Whenever possible, separation should be by mutual agreement. Situations in which a spouse is unexpectedly locked out of a home may quickly escalate to the point that the police are summoned by neighbors, and may even turn into domestic violence cases.
As a general rule, the answer is "no": Unless you have a court order excluding your spouse from the home, although you can change the locks on the marital home, you cannot prevent your ex- from returning to the home, even if that means breaking into the home, or even changing the locks again to lock you out.

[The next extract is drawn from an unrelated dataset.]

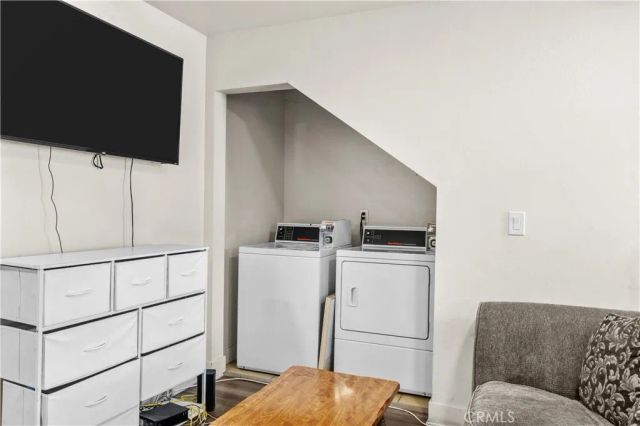 844 W 78th Street, Los Angeles, CA 90044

In a divorce case, it's not uncommon for a spouse to move out of the marital home, perhaps to move in with a new love interest, but then to consult a divorce lawyer and learn that by moving out they've given the other spouse a potential advantage in a child custody case, or perhaps a claim for temporary spousal support to support the home while the divorce is pending. The spouse then moves back into the home, to the great consternation of the spouse who had just been abandoned. But even if you're the sole owner on the deed to your home, or the sole tenant on the lease for your home or apartment, once your spouse returns you're likely to find that there's little or nothing that you can do to prevent your spouse from moving back in.
If your spouse has not yet moved out of the marital home, but is planning to move, you can consider entering into a formal separation agreement with your spouse. The agreement may be limited to access to the home, but could also address additional issues such as the division of property, how bills and debts will be paid, child custody and support, and other important matters. Laws governing separation can vary significantly between states, so if you and your spouse choose to enter into a formal separation agreement it makes sense to get the help from a lawyer to draft the agreement, and to help you choose whether to seek a legal separation, if that option is available in your state. In states that allow for a legal separation, a separation agreement may be entered as a court order that is binding upon the parties until they reconcile and dismiss the action, or proceed to divorce.
If your spouse moves out unexpectedly or is not interested in negotiating or entering into a separation agreement, your options include:
Seeking Exclusive Possession Through a Court - If your ex- has already filed for a legal separation or divorce, you can petition the court in which the case is pending to grant you exclusive possession of the marital home based upon your ex's abandonment of the home. If your ex- has not started a case, you may file your own case and then file for temporary exclusive possession of the home.
Seeking an Order of Protection - If your spouse has engaged in acts of domestic violence, or has threatened you in a manner that leaves you concerned about your safety or the safety of your children, you may qualify for an order of protection that will prevent your spouse from returning to the marital home. If you do not have a divorce lawyer who is assisting you, you may be able to get assistance or a lawyer referral from a domestic violence shelter, or may see if you qualify for representation through legal aid.
Judges hearing divorce cases are often sympathetic to a spouse who is locked out of the marital home, even if that spouse abandoned the home before trying to move back in. If you are seeking a court order to keep your ex- out of the home, you will benefit from discussing your case with a local divorce lawyer who is familiar with the practices of the court in which your case will be heard.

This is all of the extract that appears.